IMO Llama2 really isn’t close to 3.5. It still has regular mode collapse (or whatever you call getting repetitive and nonsensical responses after a while), it has very poor mathematical/logical reasoning and is not good at following multi-part instructions.

It just sounds like 3.5/4 because it was trained on it.

geysersam · on Aug 14, 2023

You're mixing up the language model with the chat bot.

The llama2 is a language model. I imagine the language model behind chatgpt is not much different (perhaps it's better, but not by many months AI research time). It likely also suffers from "mode collapse" issues etc.

But 3.5 also has a lot of systems around it that detects mode collapse and applies some kind of mitigation, forcing the model to give a more reasonable output. Mathematical / logical reasoning questions are likely also detected hand passed on in some form to a separate system.

dr_dshiv · on Aug 14, 2023

So this would be testable by showing that chatGPT makes more mistakes than prompting via API? Or would you consider the API a chatbot, too?

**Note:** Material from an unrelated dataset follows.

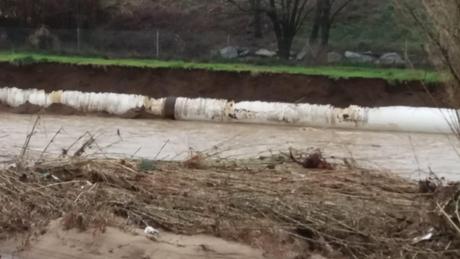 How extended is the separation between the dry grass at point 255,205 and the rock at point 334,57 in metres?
25.4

geysersam · on Aug 14, 2023

I don't think there's any public interface to the LLM underlying ChatGPT, so the only ones able to test this are openAI engineers.

nl · on Aug 14, 2023

Llama 2 wasn't trained on ChatGPT/GPT4. I think maybe you are thinking of the Vicuna models?

https://lmsys.org/blog/2023-03-30-vicuna/

dr_dshiv · on Aug 14, 2023

So it’s true that it would violate the OpenAI terms for Llama to be trained with ChatGPT completions, but how do we know? We don’t know the training data for Llama, we just get weights.

nl · on Aug 15, 2023

The Llama2 paper describes the training data in some detail.

vorticalbox · on Aug 14, 2023

This is what presence_penalty and frequency_penalty are for.

mattlutze · on Aug 14, 2023

We just don't have the information to make judgements, much less leaping to "they must be lying."

There's a few public numbers from a handful of foundation models as to performance vs parameter count vs architecture generation. Not being able to compare in detail the architecture of the various closed models nor being more rigorous on training with progressively sized parameter sets, the conclusion at the moment is a general feeling or conjecture.

qrios · on Aug 14, 2023

Without questioning the statement '70% as good as GPT3.5', but wouldn't that be quantifying a quality, and a Turing test? Also: maybe these missing 30% are the hard part.

llm_thr · on Aug 14, 2023

You seriously underestimate just how much _not_ having to tune your llm for SF sensibilities benefits performance.

As an example from the last six months: people on tor are producing better than state of the art stable diffusion because they want porn without limitations. I haven't had the time to look at llm's but the degenerates who enjoy that sort of thing have said they can get the Llama2 model to role play their dirty fantasies and then have stable diffusion illustrate said fantasies. It's a brave new world and it's not on the WWW.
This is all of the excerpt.